Pour l’amour du marais de Montaris…

Histoire d’une restauration réussie !

Rémi Garrigou (Syndicat Mixte de la Diège) et Nicolas Cayssiols (Rural Concept).

Le marais de Montaris, est situé sur les communes de Villeneuve et de Salles-Courbaties. Il est l’un des rare marais alcalin du département de l’Aveyron. Cette rareté, n’a d’égal que l’amour que les habitants des alentours lui portent, au point de le considérer un peu comme un membre de la famille.
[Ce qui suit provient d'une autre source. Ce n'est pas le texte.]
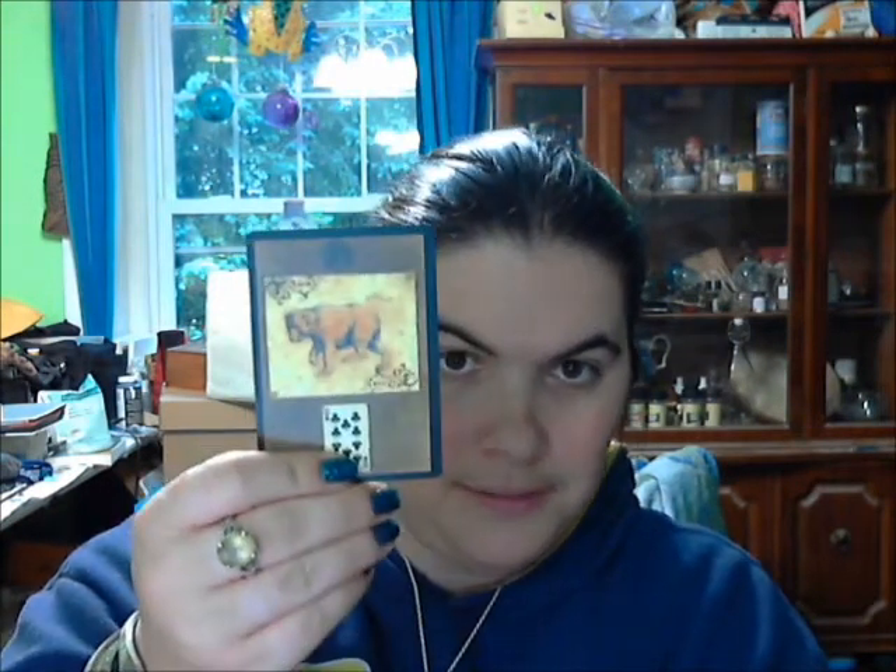The Book, the Heart, the Ring, the Moon, the Bear, the Mice, the Child, the Man, the Clover.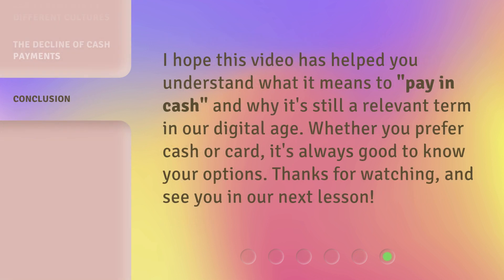I hope this video has helped you understand what it means to pay in cash, and why it's still a relevant term in our digital age. Whether you prefer cash or card, it's always good to know your options. Thanks for watching, and see you in our next lesson.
Depuis de nombreuses années, les élus et habitants de Salles-Courbatiers déploraient l’évolution du marais et sa fermeture croissante liée au développement des peupliers. Aussi, grâce a l’Agence de l’Eau Adour-Garonne et au classement en ENS du Conseil Départemental de l’Aveyron, le Syndicat Mixte de la Diège à confié à Rural Concept la réalisation d’un plan de restauration. Le constat était pour le moins simple, partout ou le marais était géré extensivement par le pastoralisme, il avait conservé ses lettres de noblesses biologiques. En revanche, là où les peupliers avaient été plantés les perturbations étaient devenues évidentes. Seules quelques rares trouées autorisaient l’expression d’une flore typique des roselières. Cependant, le marais faisait de la résistance et il n’en fallait pas plus pour que le Syndicat Mixte de la Diège et Rural Concept sentent battre le cœur du marais au point de croire en sa capacité de résilience. Cependant, il ne faut pas se méprendre, si la volonté de donner un coup de pouce est née de ce constat empirique, des journées de prospections ont été nécessaires pour comprendre le marais.
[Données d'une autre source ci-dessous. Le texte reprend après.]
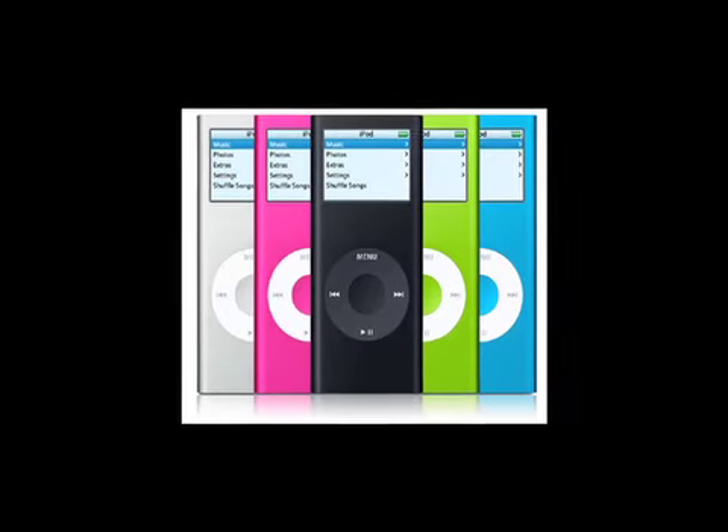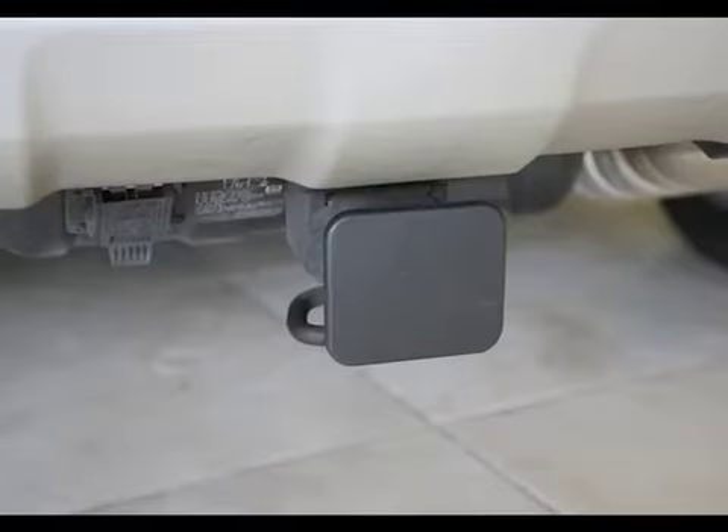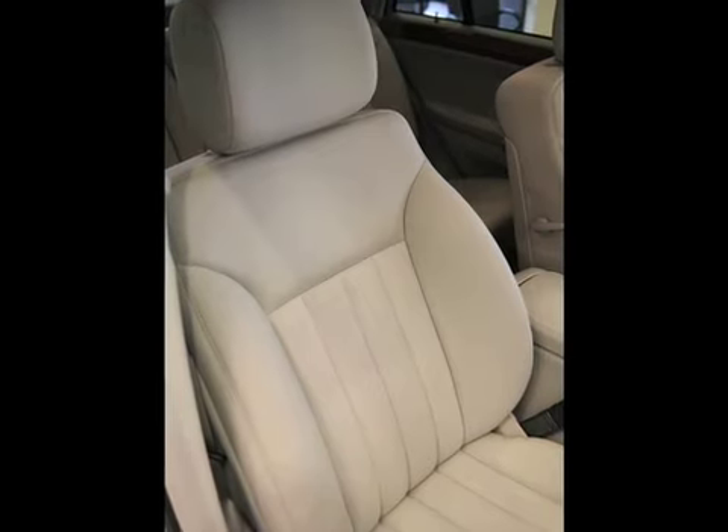This has the iPod integration kit, the exterior appearance package with 19 inch wheels, trailer hitch, running boards, heated seats, and so much more.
Largement épaulés par le Conservatoire Botanique National des Pyrénées et de Midi-Pyrénées, L’Office National de l’Eau et des Milieux Aquatiques et l’Office National de la Chasse et de la Faune Sauvage le projet à pris forme. Chaque structure à apporté son avis et son expérience. Il faut dire que le Marais de Montaris fait partis des rares sites de Midi-Pyrénées à héberger encore la belle Renoncule grande douve (Ranunculus lingua). On comptait, bon an mal an plus de 20 pieds dans la partie amont du site. Aussi, les travaux ne devaient en aucun cas porter atteinte à cette plante protégée. C’est ainsi que nous avons proposé à l’Agence de l’Eau Adour-Garonne et au Conseil Départemental de l’Aveyron un projet de restauration basé sur deux piliers : la coupe et l’enlèvement des peupliers et la restauration du fonctionnement hydrologique du marais. Les longues heures passées à arpenter le marais nous autorisaient une vision claire des travaux à réaliser et des objectifs à atteindre. Cependant, prudence étant mère de sureté, les travaux ont débuté par une phase test sur la partie aval en Aout 2013. C’est ainsi, que la première tranche de travaux a vu la restauration d’une ancienne peupleraie exploitée en cours de fermeture.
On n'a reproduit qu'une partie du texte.